The app is an "insidious encroachment" on civil liberties, the complaint alleges.

Facial recognition
Clearview AI scrapes images from social media.
Getty Images

A lawsuit is taking aim at Clearview AI, a controversial facial recognition app being used by US law enforcement to identify suspects and other people. The app is under fire after a New York Times investigation into the software company earlier this week. The app identifies people by comparing photos to a database of images scraped from social media and other sites, and then sells the info to law enforcement agencies.

"The conduct of Defendant Clearview, as alleged herein, epitomizes the insidious encroachment on an individual's liberty," says the complaint, reported earlier Friday by CNET sister site ZDNet.

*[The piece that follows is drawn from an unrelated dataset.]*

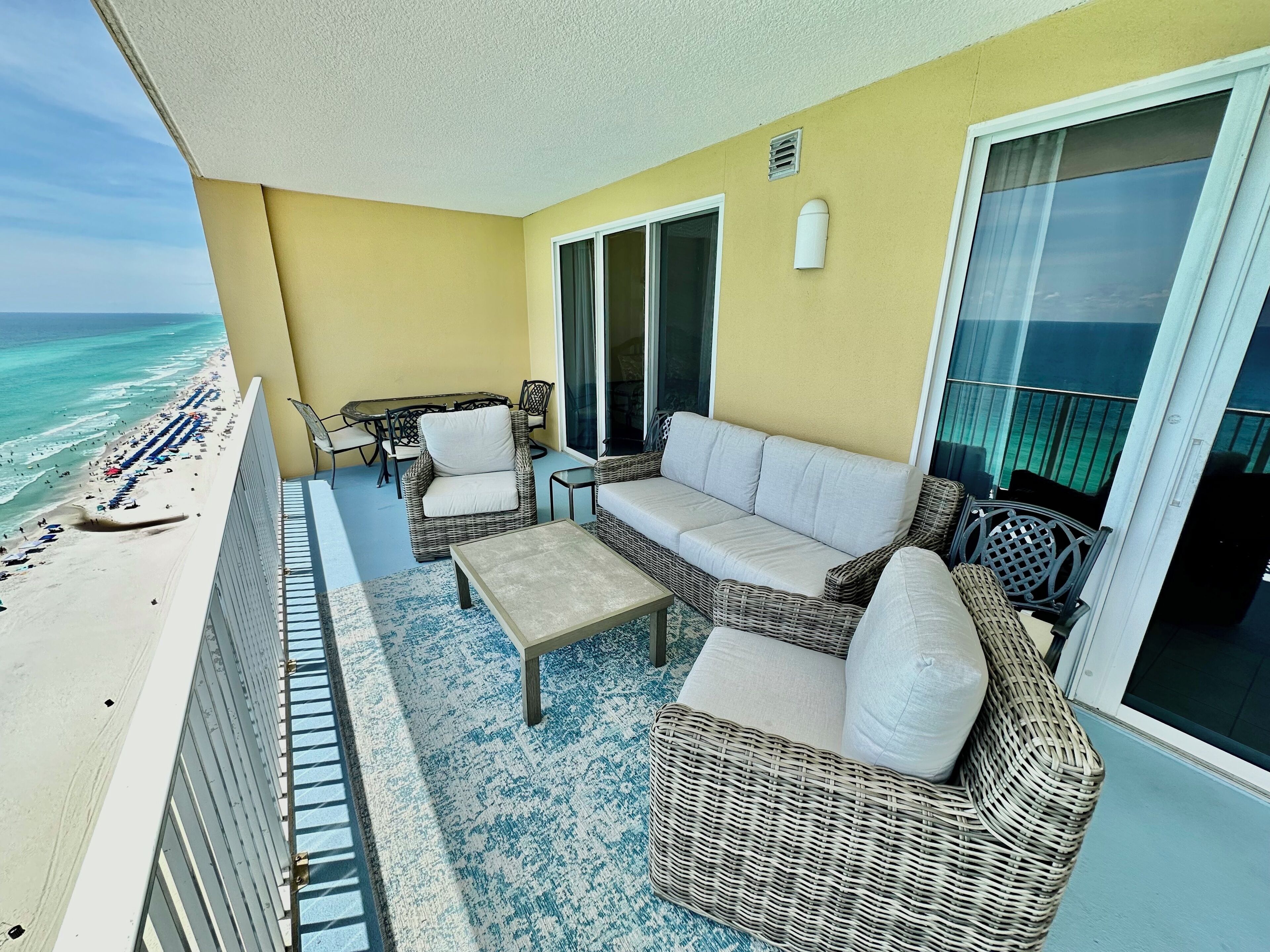 Fabulous Beach Getaway at Tropic Winds, Free Beach Service, XL Balcony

It alleges Clearview AI "acted out of pure greed."

The lawsuit, filed in the US District Court for the Northern District of Illinois East Division, alleges that Clearview AI's actions are a threat to civil liberties.

"Without obtaining any consent and without notice, Defendant Clearview used the internet to covertly gather information on millions of American citizens, collecting approximately three billion pictures of them, without any reason to suspect any of them of having done anything wrong, ever," the complaint alleges. "Clearview used artificial intelligence algorithms to scan the facial geometry of each individual depicted in the images, a technique that violates multiple privacy laws."

The lawsuit was filed by an individual in Illinois, but he's seeking class-action status.

The complaint is seeking damages, expungement of records and an injunction to stop Clearview from continuing its business. 

The lawsuit follows Democratic Sen. Edward Markey on Thursday saying Clearview's app may pose a "chilling" privacy risk.

Clearview AI didn't immediately respond to a request for comment.